→ **TASK REQUIREMENTS**
Report every line of the material that contains the string "Hallway".

→ **DATA SHOWN**
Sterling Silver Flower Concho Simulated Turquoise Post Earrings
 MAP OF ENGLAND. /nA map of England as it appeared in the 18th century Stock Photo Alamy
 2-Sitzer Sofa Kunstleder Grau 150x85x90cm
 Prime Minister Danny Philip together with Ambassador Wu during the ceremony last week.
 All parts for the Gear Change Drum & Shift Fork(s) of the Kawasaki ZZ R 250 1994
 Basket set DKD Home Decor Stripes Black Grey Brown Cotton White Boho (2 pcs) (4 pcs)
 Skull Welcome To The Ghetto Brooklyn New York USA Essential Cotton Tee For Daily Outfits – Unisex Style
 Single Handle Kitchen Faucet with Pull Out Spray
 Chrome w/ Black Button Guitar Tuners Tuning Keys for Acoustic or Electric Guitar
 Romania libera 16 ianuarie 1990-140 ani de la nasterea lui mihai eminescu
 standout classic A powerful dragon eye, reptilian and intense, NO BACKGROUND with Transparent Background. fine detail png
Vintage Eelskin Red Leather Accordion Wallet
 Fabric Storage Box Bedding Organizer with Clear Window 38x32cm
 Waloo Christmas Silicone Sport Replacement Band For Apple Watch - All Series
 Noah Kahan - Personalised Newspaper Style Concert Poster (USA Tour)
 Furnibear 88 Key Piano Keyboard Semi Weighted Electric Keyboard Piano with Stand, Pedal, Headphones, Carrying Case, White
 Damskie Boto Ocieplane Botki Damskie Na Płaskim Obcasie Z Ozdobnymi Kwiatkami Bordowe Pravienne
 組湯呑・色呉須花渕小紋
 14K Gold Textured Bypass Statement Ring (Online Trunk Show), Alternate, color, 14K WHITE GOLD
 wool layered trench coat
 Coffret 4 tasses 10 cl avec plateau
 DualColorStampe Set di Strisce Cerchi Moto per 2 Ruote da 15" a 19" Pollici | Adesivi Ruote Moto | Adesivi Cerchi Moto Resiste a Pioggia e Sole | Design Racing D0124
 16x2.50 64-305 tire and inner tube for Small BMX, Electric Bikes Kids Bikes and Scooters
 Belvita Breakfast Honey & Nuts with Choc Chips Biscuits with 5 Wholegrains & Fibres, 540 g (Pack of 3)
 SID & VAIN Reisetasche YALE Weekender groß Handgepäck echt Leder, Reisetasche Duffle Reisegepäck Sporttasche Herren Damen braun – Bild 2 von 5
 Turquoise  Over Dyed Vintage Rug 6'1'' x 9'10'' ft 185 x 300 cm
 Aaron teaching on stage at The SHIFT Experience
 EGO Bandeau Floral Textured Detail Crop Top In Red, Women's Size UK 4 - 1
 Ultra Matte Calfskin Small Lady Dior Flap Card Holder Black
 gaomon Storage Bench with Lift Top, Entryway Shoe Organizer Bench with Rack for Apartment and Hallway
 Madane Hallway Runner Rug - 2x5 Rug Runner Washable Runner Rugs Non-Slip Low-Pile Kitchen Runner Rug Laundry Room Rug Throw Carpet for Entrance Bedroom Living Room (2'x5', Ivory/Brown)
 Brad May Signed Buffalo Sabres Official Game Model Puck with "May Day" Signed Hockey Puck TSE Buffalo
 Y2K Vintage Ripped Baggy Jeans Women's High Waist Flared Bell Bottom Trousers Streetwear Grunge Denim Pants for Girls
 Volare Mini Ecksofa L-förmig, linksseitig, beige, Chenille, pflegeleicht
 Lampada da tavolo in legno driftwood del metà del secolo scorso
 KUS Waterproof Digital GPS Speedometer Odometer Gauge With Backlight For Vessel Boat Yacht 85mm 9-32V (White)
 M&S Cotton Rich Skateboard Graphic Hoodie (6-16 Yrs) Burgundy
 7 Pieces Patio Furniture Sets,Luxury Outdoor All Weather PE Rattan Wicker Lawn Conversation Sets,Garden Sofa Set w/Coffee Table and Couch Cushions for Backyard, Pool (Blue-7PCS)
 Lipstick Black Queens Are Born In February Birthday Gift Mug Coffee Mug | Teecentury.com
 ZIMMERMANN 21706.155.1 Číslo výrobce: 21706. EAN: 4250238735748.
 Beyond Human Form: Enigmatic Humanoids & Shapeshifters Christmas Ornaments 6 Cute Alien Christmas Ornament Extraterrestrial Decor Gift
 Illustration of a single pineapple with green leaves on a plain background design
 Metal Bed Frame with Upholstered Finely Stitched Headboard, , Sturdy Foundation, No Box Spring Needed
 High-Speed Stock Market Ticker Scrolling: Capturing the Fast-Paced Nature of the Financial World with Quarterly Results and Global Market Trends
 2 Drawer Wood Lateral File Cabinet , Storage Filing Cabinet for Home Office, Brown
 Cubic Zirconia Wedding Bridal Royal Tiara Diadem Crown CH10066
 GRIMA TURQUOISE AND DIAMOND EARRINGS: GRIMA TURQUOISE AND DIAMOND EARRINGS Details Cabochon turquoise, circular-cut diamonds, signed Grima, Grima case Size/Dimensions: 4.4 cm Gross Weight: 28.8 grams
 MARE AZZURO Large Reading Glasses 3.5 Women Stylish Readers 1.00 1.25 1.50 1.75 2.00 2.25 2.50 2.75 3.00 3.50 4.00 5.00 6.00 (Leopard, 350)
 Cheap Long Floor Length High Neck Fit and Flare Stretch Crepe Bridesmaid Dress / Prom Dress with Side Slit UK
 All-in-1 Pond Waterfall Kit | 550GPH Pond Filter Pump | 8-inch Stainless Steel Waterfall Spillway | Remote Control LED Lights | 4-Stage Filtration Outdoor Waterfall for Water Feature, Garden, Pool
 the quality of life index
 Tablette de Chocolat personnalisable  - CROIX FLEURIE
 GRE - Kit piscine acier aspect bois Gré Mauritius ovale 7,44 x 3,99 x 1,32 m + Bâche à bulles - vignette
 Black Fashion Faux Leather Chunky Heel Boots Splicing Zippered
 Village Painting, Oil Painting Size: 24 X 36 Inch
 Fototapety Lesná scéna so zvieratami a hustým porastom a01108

→ **RESULT BELOW**
 gaomon Storage Bench with Lift Top, Entryway Shoe Organizer Bench with Rack for Apartment and Hallway
 Madane Hallway Runner Rug - 2x5 Rug Runner Washable Runner Rugs Non-Slip Low-Pile Kitchen Runner Rug Laundry Room Rug Throw Carpet for Entrance Bedroom Living Room (2'x5', Ivory/Brown)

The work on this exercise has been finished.